This story has been passed onto me second- or third- or possibly fifth-hand. Who knows how accurate the details are, or whether the words were spoken exactly in this way? But from my knowledge of the man in question, it is entirely believable. In fact, if it isn't true, it's the kind of story that would almost be necessary to invent.
An eminent and well-known English preacher was approached by a congregation member who complained about some aspect of church life. It may have been that he didn't feel welcomed, or that he was finding it hard to make friends and fit in; it could have been that he was finding the service dissatisfying or the preaching too long; it could have been that the music was not to his taste or that his family was not being catered for to his satisfaction. The details of the complaint have been lost in the telling and re-telling of the story.
The preacher listened to the complaint, paused, and then replied with five words that cut straight to the heart of not only the man's problem, but the problem with all grumbling and complaining in church. He simply said, “It's not about you, stupid!” and walked off.
It was a stunningly rude response—the kind that this preacher seemed uniquely capable of getting away with in his very English way. But doesn't it exactly express what is wrong with grumbling and complaining in church?

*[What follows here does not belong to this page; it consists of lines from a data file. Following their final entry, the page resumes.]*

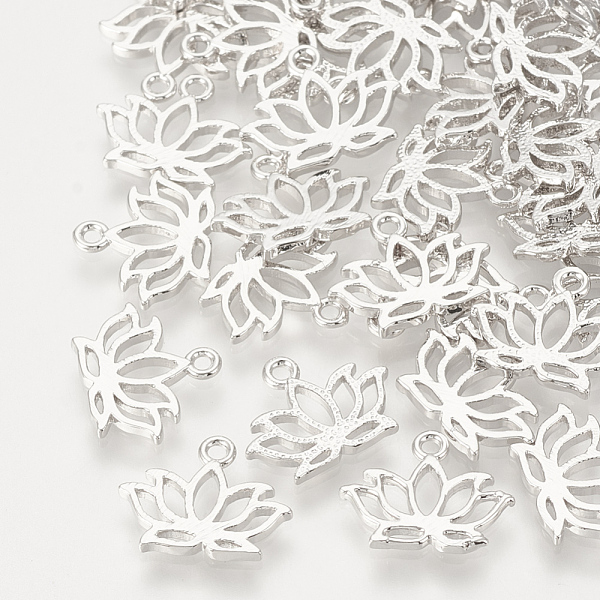 PandaHall Brass Charms, Cut-Out, Nickel Free, Real Platinum Plated, Lotus, 10x12x1mm, Hole: 1mm Brass Flower
PandaHall Brass Charms, Cut-Out, Nickel Free, Real Platinum Plated, Lotus, 10x12x1mm, Hole: 1mm Brass Flower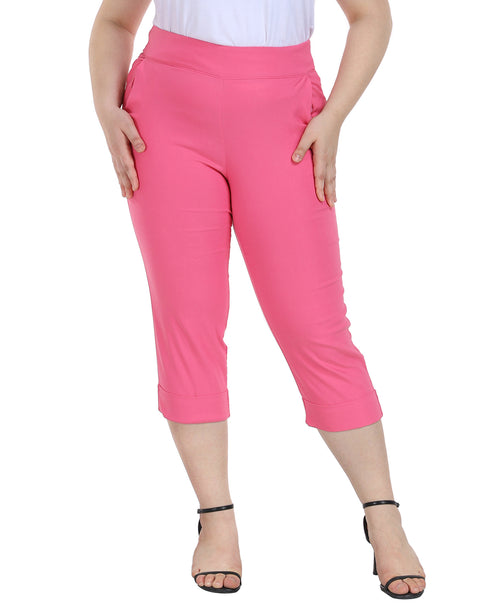 Womens Plus Size Pull On Capris with Pockets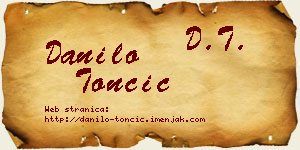 Danilo Tončić vizit kartica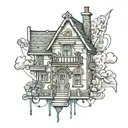 house tattoo design idea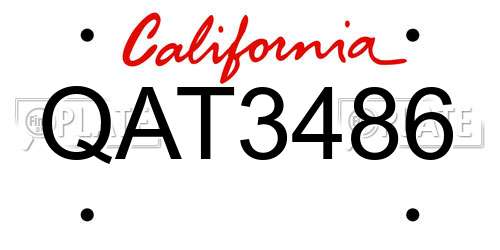 QAT3486 California License Plate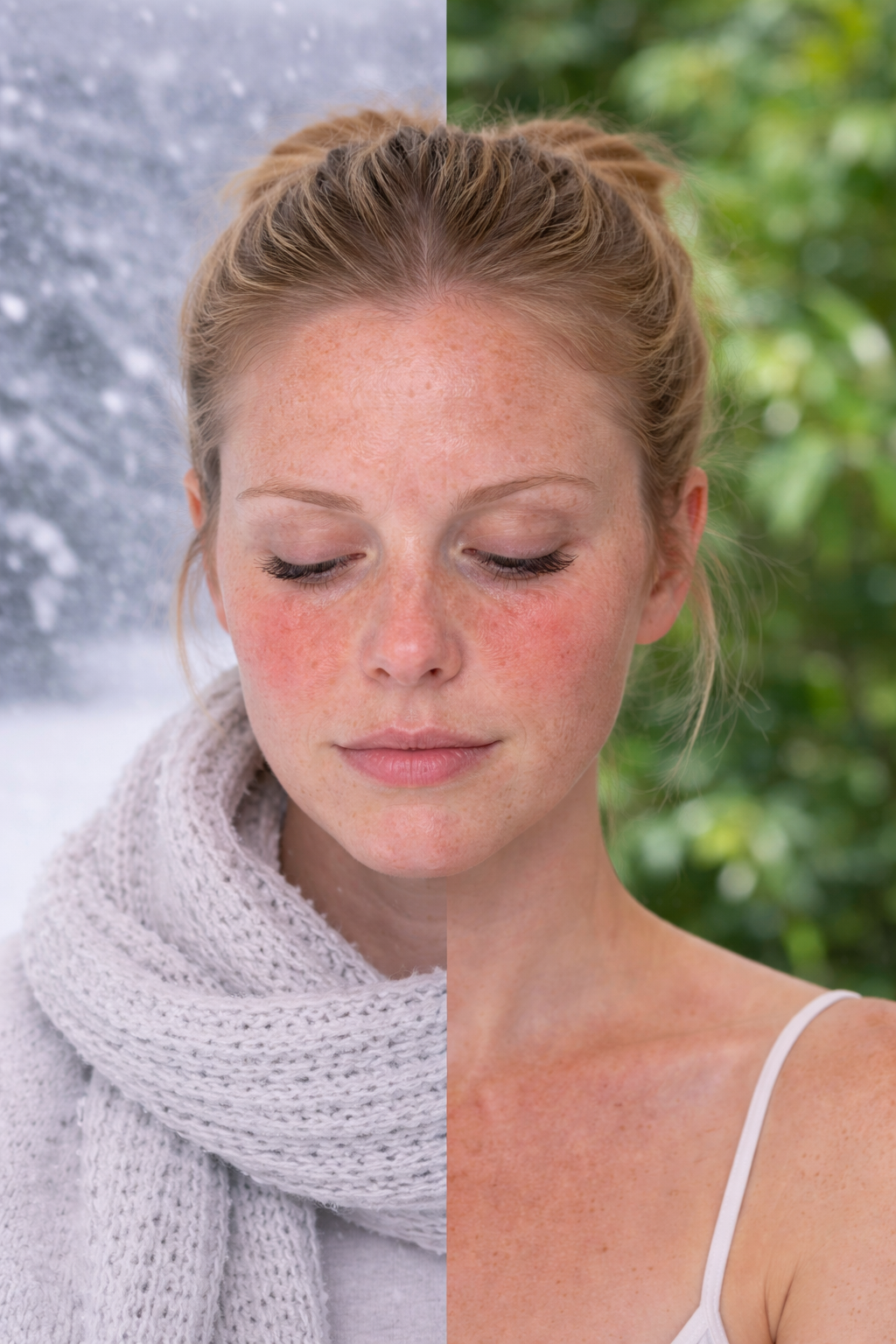Woman in two different climates with sensitive skin. 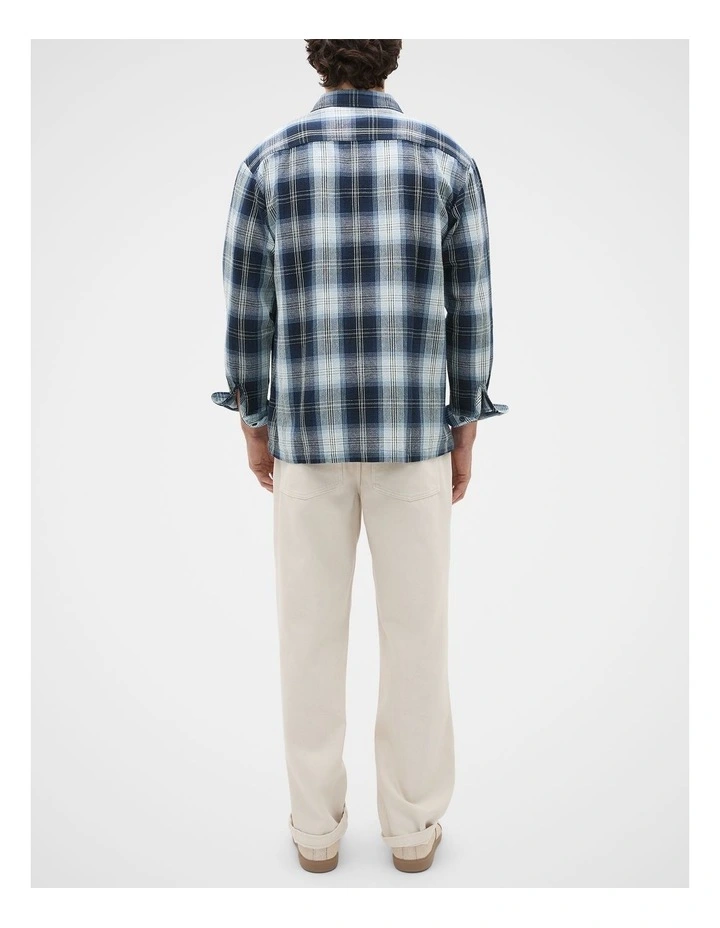 Long Sleeve Cotton Check Shirt in Blue Check image 2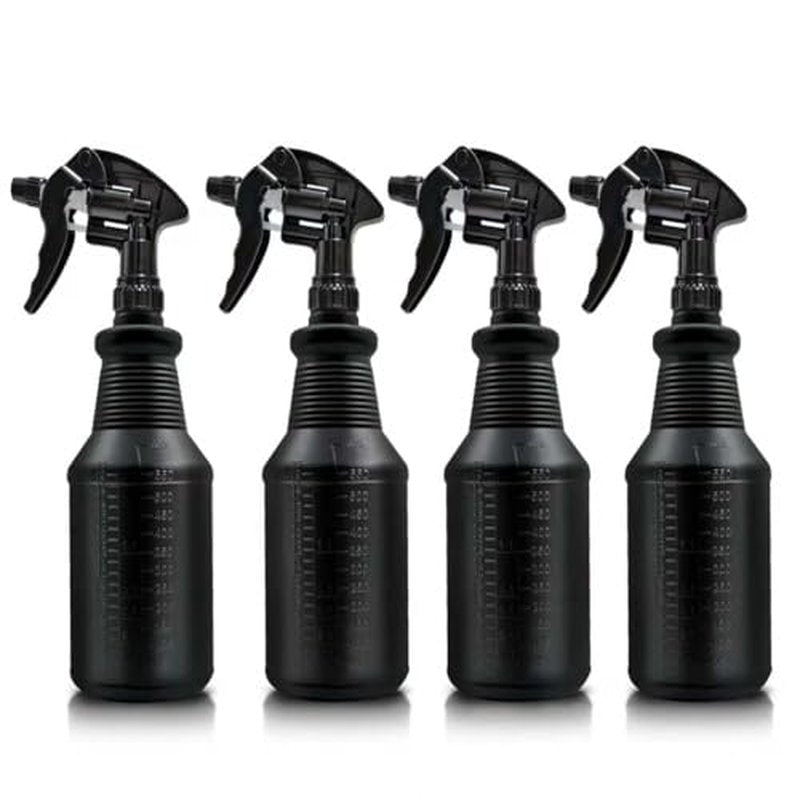 4 Pack 24 oz Spray Bottles - Heavy Duty Black Refillable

It really is the height of idiocy to think that church is about me and my needs and my family and my satisfaction. It completely overturns the teaching of the Bible—that church is about God and Christ and loving other people. In fact, if we wanted to summarize Paul's rebuke to the dysfunctional Corinthian church in 1 Corinthians 11-14, a pretty reasonable slogan would be “It's not about you, stupid!”.
So the next time you're feeling grumpy about church, and are complaining that this or that aspect leaves you cold, remind yourself of the five-word answer to grumbling. And if you're really game, when someone starts grumbling to you about how they don't like the music or how they're sick of the preacher's jokes, just give them a slightly incredulous look, shake your head, and say, “It's not about you, stupid!”.